# Data block
####

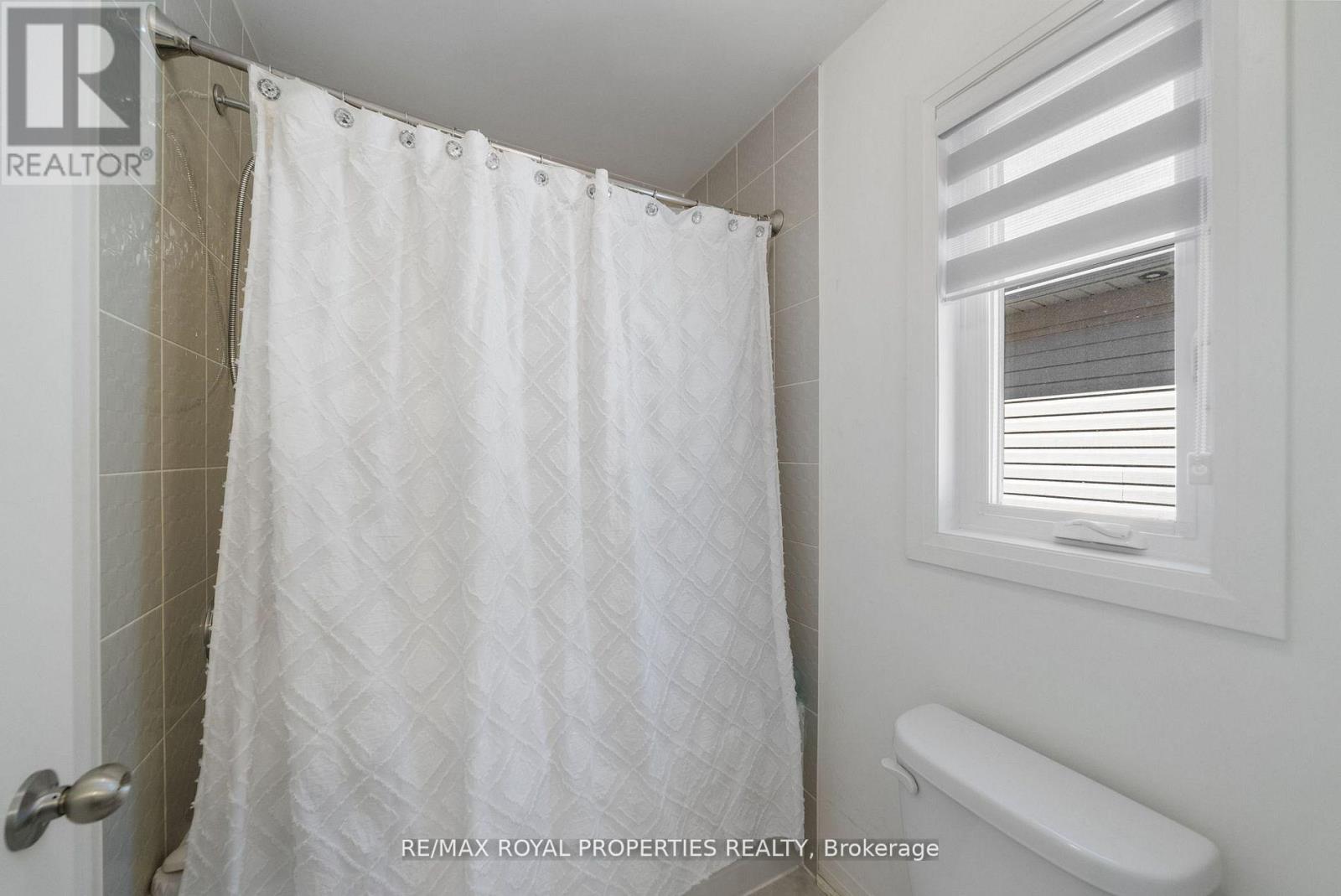 43 Clipper Lane, Clarington, Ontario  L1C 4B1 - Photo 41 - E12119186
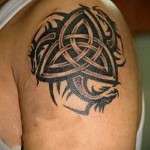 Celtic Tattoo -Muster auf der Schulter - ein Beispiel für ein Foto zur Auswahl 28022016 2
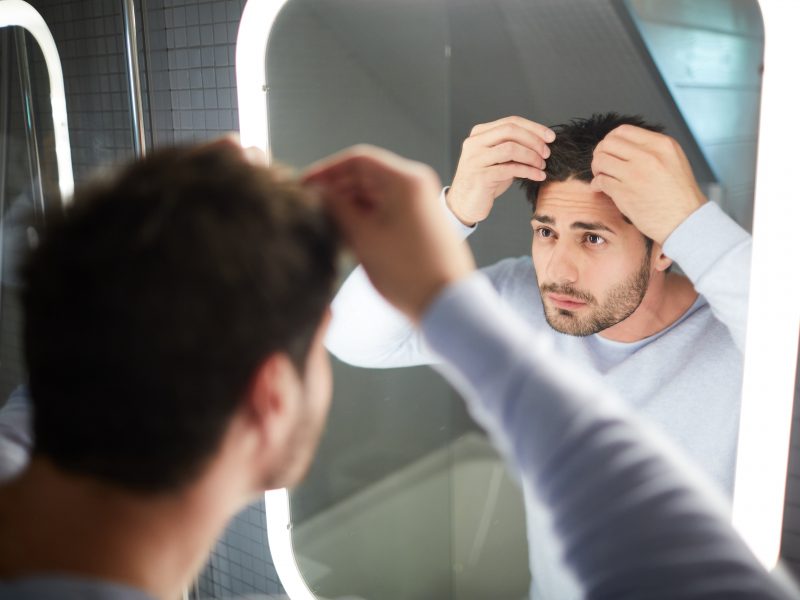 Naturalne sposoby na wypadanie włosów - sprawdź jak temu zaradzić? 1 - Twój Głos 📌 e-TG.pl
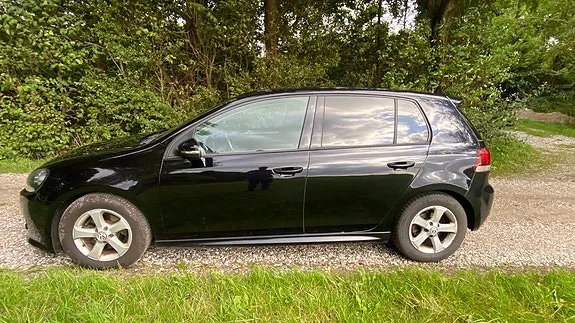 Volkswagen Golf Vi 2010 photo 3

####

# Work instruction
Please print the data above once more, exactly and without images.

# Completed exercise
 43 Clipper Lane, Clarington, Ontario  L1C 4B1 - Photo 41 - E12119186
 Celtic Tattoo -Muster auf der Schulter - ein Beispiel für ein Foto zur Auswahl 28022016 2
 Naturalne sposoby na wypadanie włosów - sprawdź jak temu zaradzić? 1 - Twój Głos 📌 e-TG.pl
 Volkswagen Golf Vi 2010 photo 3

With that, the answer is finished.